Visiting unionist says Sri Lanka plantation workers face new casualisation threat

July 24, 2025
Issue 
Menaha Kandasamy, from the Ceylon Workers Red Flag union, addressing the July 20 Palestine rally, Naarm. Photo: Snip from Trade Unionists for Palestine livestream/Facebook

Menaha Kandasamy, general secretary of the Ceylon Workers Red Flag Union, addressed a number of meetings on plantation workers’ struggles during her recent visit. The union represents workers in Sri Lanka’s tea and rubber plantations.

She told a Refugee Action Collective meeting on July 21 that plantation workers have undergone “200 years of exploitation”. They work more than 10 hours a day in unsafe conditions, with no water to drink. Most live in overcrowded, substandard housing, known as “line rooms”, and paid $6.75 a day. Their wages can be cut if the amount of tea picked is below the “norm”.

Most tea plantation workers are women and the majority are Tamil-speaking descendants of workers brought from south India during the British colonial period. However, the union works with people from all communities.

Kandasamy said that plantation workers are kept isolated from the rest of Sri Lanka, describing it as a “captive labor system”. She said the plantation workers are “not considered human”.

While this system is oppressive, workers do have some rights; they have permanent employment, a pension scheme and maternity leave. They have injury compensation which, Kandasamy said, is inadequate, but better than nothing. They also have a union to represent them.

The tea companies are now pushing for casualisation, which would lead to the workers’ limited rights being eradicated.
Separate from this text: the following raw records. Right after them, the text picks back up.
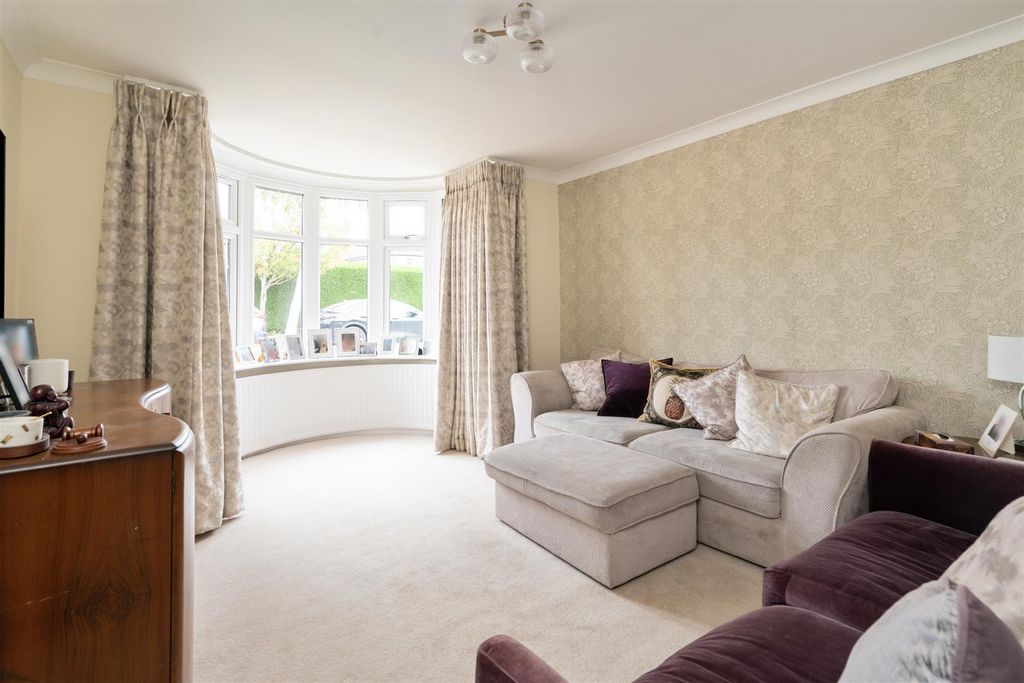 Property photo 2 of 13 43 Stoneleigh Road_7.Jpg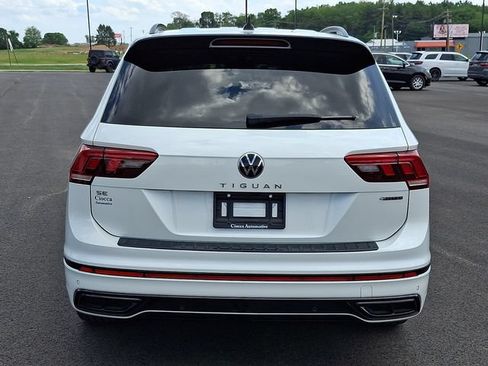 Used 2024 Volkswagen Tiguan SE R-Line AWD/4WD image 8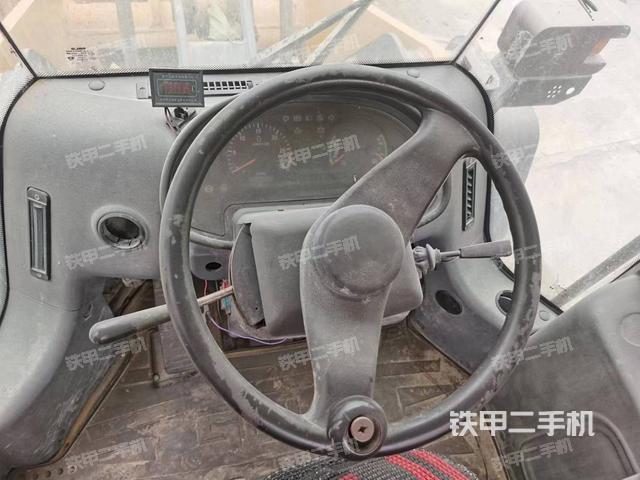 驾驶室操作台（整机外观及大件）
The union has argued in court that the casualisation plan is illegal. The union won the case, but the employers are now appealing to a higher court.

The union has also asked the Sri Lankan government to take action to block the casualisation plan.

Kandasamy said that “the labor minister seems interested” and while nothing has been done so far it is “too early to say” whether the government will take action.

Sri Lanka’s National People’s Power government was elected in March last year. Kandasamy said it has been good on combating corruption, but is yet to take action to protect workers’ rights.